__Task requirements__
From the entries below, return exactly the lines beginning at the one that contains "2013 Ford Escape" and ending at the one that contains "2025 Audi New Q5 Premium Plus - Photo 27", both of them included, and only those lines.

__Data in this exercise__
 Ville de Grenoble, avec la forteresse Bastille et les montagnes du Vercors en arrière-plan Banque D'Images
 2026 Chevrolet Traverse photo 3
==
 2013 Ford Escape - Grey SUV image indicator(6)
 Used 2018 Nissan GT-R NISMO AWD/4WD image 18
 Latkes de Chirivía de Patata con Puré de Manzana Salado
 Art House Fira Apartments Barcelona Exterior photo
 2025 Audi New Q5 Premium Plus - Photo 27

__Solution below__
 2013 Ford Escape - Grey SUV image indicator(6)
 Used 2018 Nissan GT-R NISMO AWD/4WD image 18
 Latkes de Chirivía de Patata con Puré de Manzana Salado
 Art House Fira Apartments Barcelona Exterior photo
 2025 Audi New Q5 Premium Plus - Photo 27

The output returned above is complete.